Bir de sıkılmadan bunlara 'varlık kuyruğu' demişlerdi. Şimdi de 1000 adet tanzim satış marketi açacakmış. Yani benim oğlum bina okur. Döner döner yine okur Hatalardan ders çıkarmak yerine, Aynı hatalarda ısrar ediyorlar. Sorumluluğu üzerlerinden atmak için, dikkatleri kendi beceriksizliklerinden uzaklaştırmak için, hep aynı oyunu oynuyorlar.
"Oysa bugün enflasyon şaha kalktıysa sebepleri bellidir. Hayat pahalılığının nedeni üretimle büyüyen değil, borçla şişirilen ekonomidir. Gelirle değil krediyle pompalanan tüketimdir. Bu nedenle azan cari açıktır. Hayat pahalılığının nedeni; kayınpeder ve damadın bir olup, Merkez Bankasının 128 milyar dolarlık rezervini
buharlaştırmasıdır. Bugün bu döviz rezervleri yerinde dursaydı, Türk Lirası rüzgârın önündeki yaprak gibi savrulur muydu? Hayat pahalılığının sebebi; faiz sebep, enflasyon sonuç zırvasıyla, Türk Lirasının değerinin pul edilmesidir. Yine hayat pahalılığının nedeni, Türkiye Cumhuriyet Merkez Bankası’nın, araç bağımsızlığına çöken Erdoğan’ın bankanın itibarının yerle bir etmesidir. Enflasyonla mücadelede bankayı etkisiz hale getirmesidir.
'PANDORA BELGELERİ'
"Dün gece dünyada büyük bir skandal patladı. 117 ülkeden, 600’den fazla gazeteciden oluşan, Uluslararası Araştırmacı Gazeteciler Konsorsiyumu, yine büyük bir başarıya imza attı. Yaklaşık 12 milyon belgeyi inceleyerek, vergi cennetlerine aktarılan trilyonlarca doları, gözler önüne serdiler. Pandora belgeleriyle, Pandoranın kutusunu açtılar.

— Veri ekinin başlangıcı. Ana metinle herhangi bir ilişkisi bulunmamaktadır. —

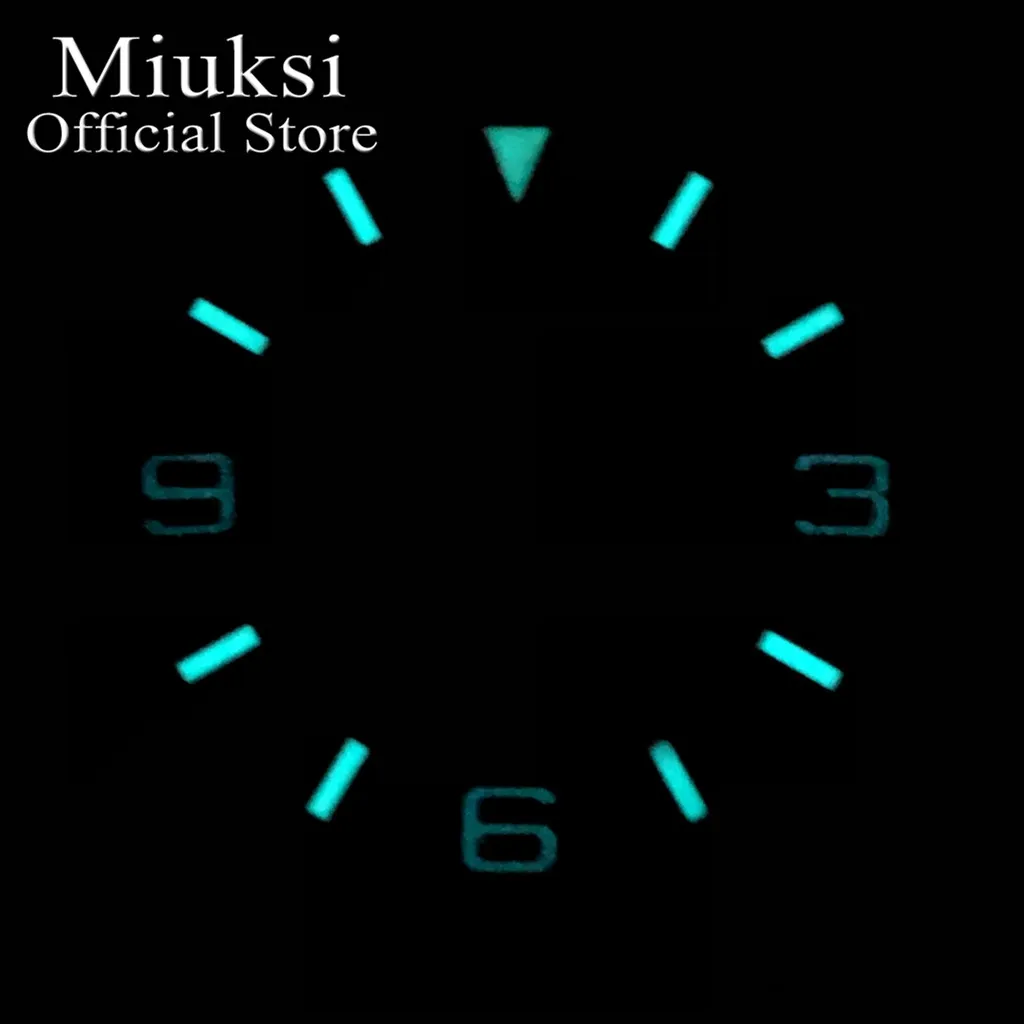 Miuksi 28.5mm black white blue green matte watch dial luminous fit NH35 NH36 ETA2824 2836 Miyota8215 Mingzhu DG2813 3804movement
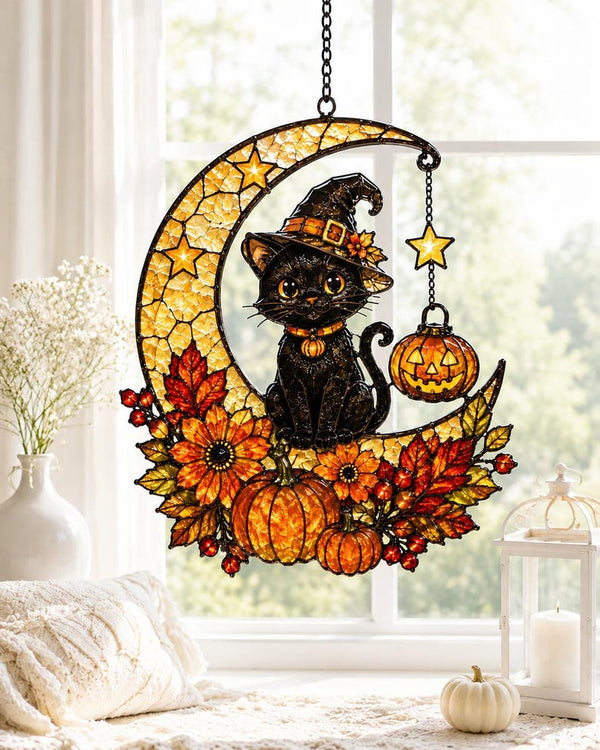 Black Cat Witch Suncatcher, Crescent Moon Halloween Window Hanging, Acrylic Fall Decor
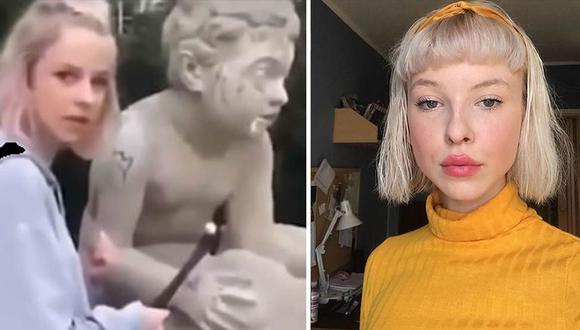 La influencer polaca Julia Slonska dañó  una estatua de 200 años de antigüedad para ganar seguidores. (Instagram)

'105 MİLYONLUK BAĞIŞ KİMLERE, NE İÇİN YAPILDI?'
Erdoğan’ın sarayını yapan, şehir hastanelerini işleten müteahhitlik firmasının Türkiye’de kazandığı paraları yurtdışındaki vergi cennetlerine kaçırdığı iddia ediliyor. Bu şirketin tek bir yılda, vergi cennetlerine kaçırdığı paranın, 211 milyon dolar olduğu söyleniyor. Bir de bu off-shore hesaplardan, adresi şimdilik belirsiz 105 milyon dolarlık bir bağış yapıldığı söyleniyor. 105 milyon dolarlık bağış!
Devletten devlete yapılabilecek büyüklükteki bir bağışı, bu şirket acaba kime, kimlere ne için yaptı? Bu ülkede asgari ücretten, milletin yediği ekmekten bile vergi alınırken Türkiye’deki tüm ihaleleri toplayan bu kişilerin, Türkiye’de kazandığı parayı, vergi cennetlerine kaçırması hangi vicdana hangi izana sığar?
Man Adası skandalını unutmak da olmaz. Bu ülkeyi yönetenlerin akrabayı taallukatının vergi cennetlerinde yaptığı işleri elbette unutmadık. 15 yıl önce vergi cennetlerine aktarılan paralar için yüzde 30 vergi kesintisi yapılacağı, Kurumlar Vergisi Kanunu ile hükme bağlandı. Ama Erdoğan Şahsım Hükümetleri,
15 yıldır hangi ülkelerin vergi cenneti olduğuna dair listeyi bilerek yayımlamadı. Yüzde 30 vergi kesintisi yapma hükmü işletilmedi.
'TÜRKİYE, KARA PARA AKLAMA MAKİNESİNE ÇEVRİLDİ'
Erdoğan şahsım hükümetleri bunun yerine, çıkardığı mali aflarla, yurtdışına vergi ödememek için kaçırılan milyarları, yine sıfır vergiyle Türkiye’ye sokulmasına izin verdi. Türkiye bu ahlaksız uygulamalarla dünyanın en büyük, kara para aklama makinesine çevrildi."